C’est le mot fusion qui vient immédiatement à l’esprit lorsqu’on contemple l’ensemble des toiles de M. Brunelle, qui occupent une salle réservée à l’art autochtone du centre culturel de Midland. Chaque regroupement d’éléments qui se retrouve sur les toiles est une fusion de formes célestes, d’animaux, de plantes et d’eau que l’on associe avec la baie Georgienne.
M. Brunelle est lui-même issu de diverses cultures, étant le fils d’une mère de la nation Algonquine au nord d’Ottawa et d’un père francophone dont la famille remonte à cinq générations de Lafontaine.
Même s’il parle avec modestie, ses créations sont audacieuses, un assemblage de formes organiques, fortes en contraste et denses en teintes vives. Il joue avec la proportion en donnant à chaque image un grand noyau, comme un soleil, qui fait naître des formes, tel qu’un loup, qui évoluent tout en restant fusionnées à jamais avec le parent. L’univers de M. Brunelle est donc complexe, mais unifié. Selon ses oeuvres l’homme, les astres et la nature ne font qu’un.
Par ailleurs on y voit jaillir des silhouettes de pins penchés dont les branches sont allongées par le vent, forme emblématique de cette région et icône fort appréciée par les impressionnistes canadiens du 20e siècle. Une telle complexité implique un travail ardu. En effet, chaque toile représente en moyenne 80 heures d’ouvrage.
Il a aussi incarné l’abstraitisme du peintre espagnol Pablo Picasso, qui a dit « je ne peins pas ce que je vois, je peins ce que je pense ».
Steven s’est inspiré de toute une gamme de méthodes alors qu’il cherchait la sienne. On perçoit d’abord l’influence de l’école nommée Woodland qui est associée avec Norval Morriseau, surtout dans les capsules en formes de faune et de flore tracées en noir, chacune remplie à son tour par d’autres éléments plus petits et plus nombreux. Comme dans les toiles du maître du Groupe Indien des Sept, M. Brunelle ajoute des éclats et des mèches qui rayonnent de certaines formes et en réunissent d’autres.
Plusieurs de ses tableaux sont des représentations explicites de légendes traditionnelles et de thèmes spirituels, et certains d’entre eux sont accompagnés d’une étiquette décrivant le mythe particulier qui est en jeu. La toile Manitou, par exemple, représente une des croyances de la nation de sa mère, selon laquelle une force invisible réunit la nature et influe sur le destin des humains.
Dans d’autres cas, l’inspiration particulière est à deviner, selon une citation sur le mur qui est attribuée à John Hartman. Ce dernier est un artiste célèbre de cette région qui, dans les écrits sur cette exposition, témoigne du talent de son collègue de Lafontaine et appuie son cheminement auprès du public.
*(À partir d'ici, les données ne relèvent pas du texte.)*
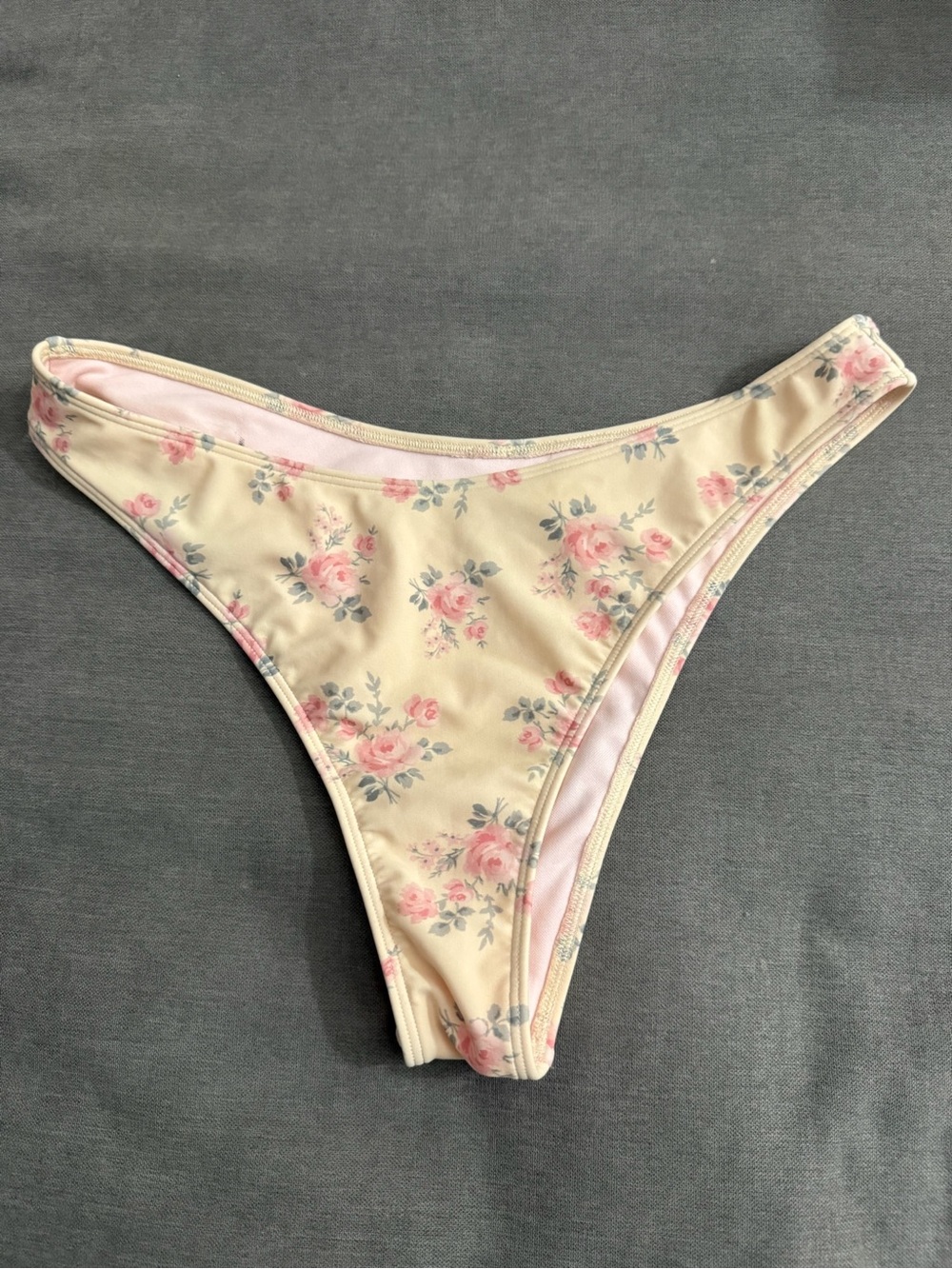 Hollister Cream Swim Bottoms with Pink Floral Print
« En tant qu’amateurs (de l’œuvre de M. Brunelle) nous reconnaissons qu’une histoire est racontée par chaque peinture, mais nous devons naviguer à travers chacune afin de la découvrir ».
Pour sa part, Michelle Thibodeau, chef de promotion et marketing du centre culturel, souligne que ce même espace d’exposition est réservé à jamais aux artistes autochtones, et qu’un comité veillera à ce qu’il soit bien employé. Le centre est déjà en train de passer en revue plusieurs candidats pour prendre la place de M. Brunelle en juillet.
La richesse culturelle des environs de la baie Georgienne facilite beaucoup la tâche, raconte-t-elle.
« La culture de cette région est si animée, et il y a tant de communautés qui se rassemblent. C’est ça aussi qui fait de cet endroit une si belle place à vivre ».
Dans la photo: Steven Brunelle de Lafontaine pose près d’une de ses oeuvres d’art présentement en exposition au centre culturel de Midland jusqu’en juillet prochain.